Dobbiamo rovesciare questi termini della
questione e rimettere sui piedi le cose capovolte. Ma occorre tener
conto del fatto che il “lavoro vivo” non è più quello di mezzo secolo
fa, c’è stato un processo di incorporazione del sapere sociale (e più
grazie alla rivoluzione dei media che a quella della scuola statale che
si è mossa con troppa lentezza) che lo ha modificato, reso più
flessibile, più adatto a lavori con maggiore contenuto di pensiero
astratto, più creativo, anche se questo è accaduto in misura ovviamente
diversa da persona a persona. Ma proprio per queste ragioni,
tendenzialmente, è un lavoro vivo meno adatto ai lavori che richiedono
sforzo fisico, meno adattabile a lavori ripetitivi, più libero e, perciò
stesso, meno facilmente disciplinabile, e forse meno stabile. O pensate
che l’ideale di vita di un giovane europeo dell’inizio duemila possa
essere un lavoro per cui per tutta la vita farà il tramviere, l’operaio
metallurgico o l’impiegato dell’anagrafe?

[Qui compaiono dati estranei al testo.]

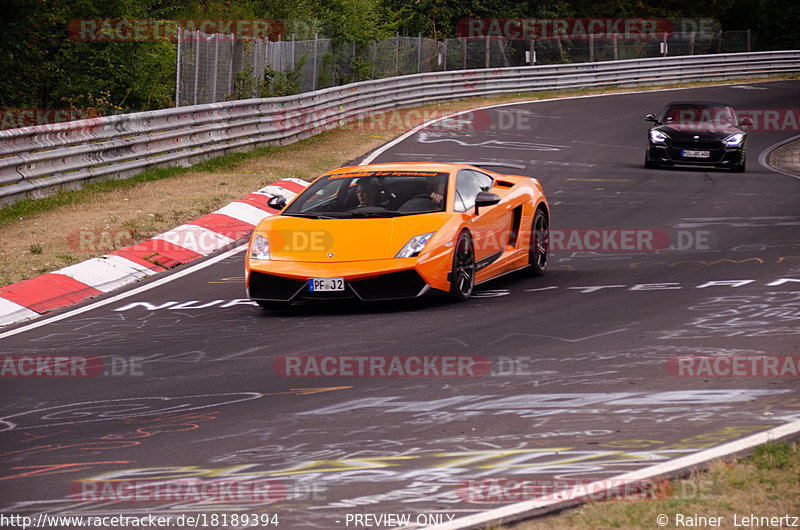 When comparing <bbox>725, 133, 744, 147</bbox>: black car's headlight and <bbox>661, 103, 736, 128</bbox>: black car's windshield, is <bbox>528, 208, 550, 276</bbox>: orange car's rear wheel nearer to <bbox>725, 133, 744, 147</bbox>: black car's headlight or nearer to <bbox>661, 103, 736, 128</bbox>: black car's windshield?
<bbox>725, 133, 744, 147</bbox>: black car's headlight

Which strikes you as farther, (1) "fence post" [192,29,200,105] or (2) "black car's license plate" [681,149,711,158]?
(2) "black car's license plate" [681,149,711,158]

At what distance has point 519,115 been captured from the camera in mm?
33000

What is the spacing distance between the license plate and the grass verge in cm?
357

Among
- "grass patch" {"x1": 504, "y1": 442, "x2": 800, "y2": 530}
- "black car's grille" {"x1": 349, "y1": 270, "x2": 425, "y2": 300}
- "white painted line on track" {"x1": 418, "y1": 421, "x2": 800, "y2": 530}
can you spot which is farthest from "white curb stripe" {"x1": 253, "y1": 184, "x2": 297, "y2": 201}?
"grass patch" {"x1": 504, "y1": 442, "x2": 800, "y2": 530}

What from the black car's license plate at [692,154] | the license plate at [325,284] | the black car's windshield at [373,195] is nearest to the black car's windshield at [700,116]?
the black car's license plate at [692,154]

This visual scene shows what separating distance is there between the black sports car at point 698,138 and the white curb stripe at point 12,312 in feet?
50.2

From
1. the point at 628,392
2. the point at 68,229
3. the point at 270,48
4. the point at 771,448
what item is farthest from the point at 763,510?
the point at 270,48

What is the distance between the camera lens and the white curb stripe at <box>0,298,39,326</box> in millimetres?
10224

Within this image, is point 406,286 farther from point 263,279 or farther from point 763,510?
point 763,510

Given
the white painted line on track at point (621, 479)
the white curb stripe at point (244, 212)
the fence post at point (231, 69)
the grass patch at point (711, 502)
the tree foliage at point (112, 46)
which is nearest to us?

Una parte della sinistra (quella del
museo delle cere) pensa che la soluzione sia questa, magari
riconquistando le garanzie perdute. Ovviamente, questi lavori saranno
necessari ancora per un tempo non prevedibile ed una parte dei giovani
troverà lavoro in queste mansioni. Ma è anche vero che la robotica
ridurrà il numero degli addetti a questi settori e cambierà le mansioni
ed i processi lavorativi. In ogni caso è presumibile che una larga parte
dei nostri giovani non trovi troppo allettanti impieghi del genere.
Forse questi lavori possono essere immaginati come iniziali, ma
garantendo mobilità sociale verso mansioni più adatte alle caratteristiche e capacità dei nuovi lavoratori entro sei o sette anni.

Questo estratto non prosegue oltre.